## What you have to do
Your job is to copy the data that follows exactly, every line included.

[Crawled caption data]
· · ·

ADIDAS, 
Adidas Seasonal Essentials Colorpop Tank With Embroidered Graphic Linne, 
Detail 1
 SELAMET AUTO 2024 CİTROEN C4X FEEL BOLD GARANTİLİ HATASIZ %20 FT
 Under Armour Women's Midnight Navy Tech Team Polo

· · ·

## Exercise response
ADIDAS, 
Adidas Seasonal Essentials Colorpop Tank With Embroidered Graphic Linne, 
Detail 1
 SELAMET AUTO 2024 CİTROEN C4X FEEL BOLD GARANTİLİ HATASIZ %20 FT
 Under Armour Women's Midnight Navy Tech Team Polo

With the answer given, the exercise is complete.